T.HE PANDEMIC has produced all sorts of strange economic results. The most recent curiosity is the growing number of complaints in America about labor shortages, even though 8 million fewer people are working today than they were before Covid-19. In early April, Bloomberg reported that Delta Air Lines had canceled 100 flights due to staff shortages. People are so hard to find that a Florida coffee shop turned to robots to greet customers and deliver groceries. A McDonald’s branch pays potential burger flippers $ 50 just to show up for an interview.
The data backs up the anecdotes. The total number of vacancies has been at its highest for at least two decades (see graph), which indicates that companies have many vacancies. Additionally, vacancies result in fewer hires than you would expect given the historical relationship between the two. And even taking into account changes in the composition of the workforce, wage growth was surprisingly robust at around 3%, suggesting that companies are offering larger wage packages to tempt workers. If job shortages persist, it could ultimately boost inflation and jeopardize economic recovery.
There are three possible explanations for the puzzling deficiency: benefits that are too generous; anxious workers; and a redistribution of labor between industries. Start with America’s huge handouts. The latest stimulus checks, released in the spring, totaled up to $ 1,400 per person. Apparently every American knows the friend of a neighbour’s cousin who received a “okay” check and then quit his job to sit on the sofa. A federal allowance for unemployment insurance (user interface), currently $ 300 per week, ensures that four out of ten unemployed people earn more from benefits than in their previous job. Economic research has long shown that more generous benefits provide blunt incentives for job search.
However, that relationship appears to have weakened during the pandemic. The fact that in is increasing user interface The time-limited payments can result in workers unwilling to turn down a job with longer-term rewards. At the beginning of the pandemic the user interface The supplement was even more generous at $ 600, but its summer expiration had “little impact on overall employment,” according to an article published in February by Arindrajit Dube of the University of Massachusetts-Amherst. In those areas where the current $ 300 increase represents a relatively larger income boost, employment growth has not slowed since January when this lift was introduced.
This suggests that the second factor, fear, might be important in explaining the American staff shortage. According to official information, almost 4 million people are not looking for work “because of the coronavirus pandemic”. And think about which industries are facing the greatest labor shortage. Health, leisure, and hospitality jobs have the highest levels of vacancies relative to employment. Many of these involve high levels of personal contact, which makes their employees particularly susceptible to infection (a study from California earlier this year found that chefs are most at risk of dying from Covid-19). In contrast, in industries where it is often easier to keep social distance or to be outside, labor shortages are less of an issue. The number of vacancies per employee in the construction industry is lower today than it was before the pandemic.
The ultimate cause of the labor shortage is the extraordinary redistribution of resources running in the economy. The headline growth in job vacancies means opportunities have increased in some industries – for example, white-collar workers DIY Shops – while others decline, reflecting changing consumer demands. Analysis of The economist From over 400 local areas, there are also wide variations in job migration across regions: the gap between employment growth in the busiest areas and that in struggling areas is twice as large as it was before the pandemic. Workers can take their time to catch up on this creative destruction. For example, a former bartender looking for work in downtown Manhattan may not be able to quickly identify and secure a position as a delivery driver in more distant Westchester.

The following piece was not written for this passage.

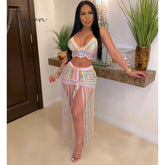 Ingvn - Sexy Crochet Tassel Two Piece Skirt Set Beach Dress Suit Summer Outfit Womens 2 Piece Matching Sets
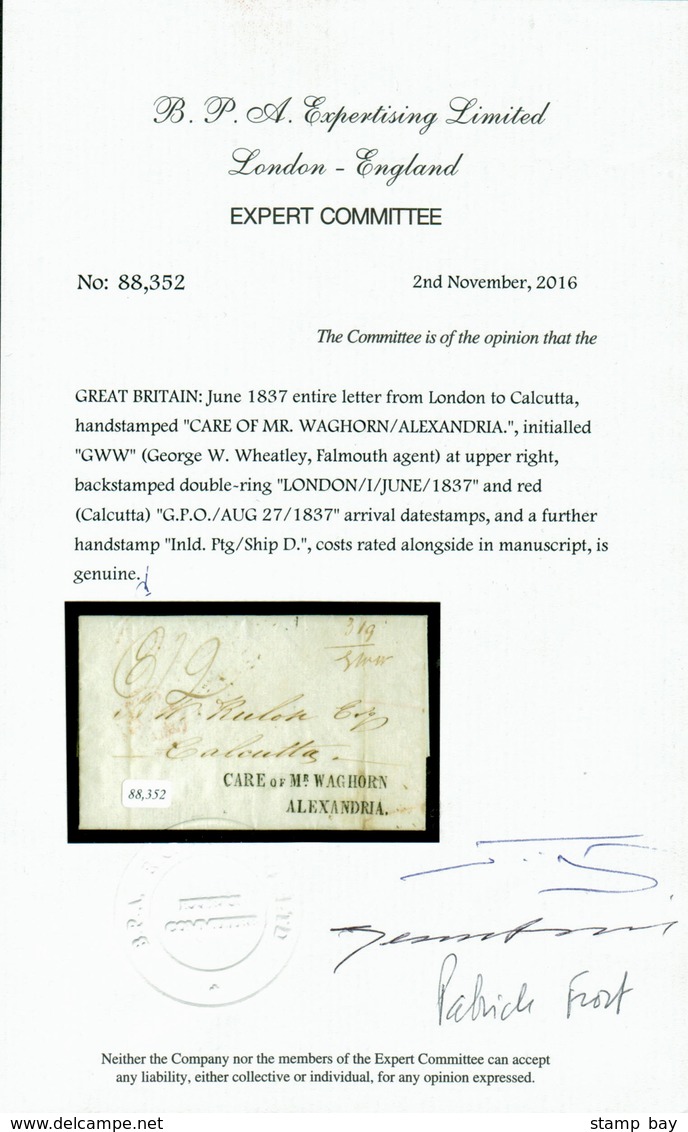 Waghorn - India 1837 Entire Letter From London To Calcutta, Handstamped "CARE OF MR. WAGHORN / ALEXANDRIA", Initialled " - ...-1852 Vorphilatelie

As vaccinations continue to reduce hospital stays and deaths from Covid-19, and limit the spread of the disease, Americans’ fears of taking high-contact jobs should also ease. However, if the bottlenecks are to be completely resolved and the threat of inflation is to be contained, some unemployed will also have to work in sectors and areas that are new to them. ■
A version of this article was published online on April 27, 2021
This article appeared in the Finance & Economics section of the print edition under the heading “Help Wanted”.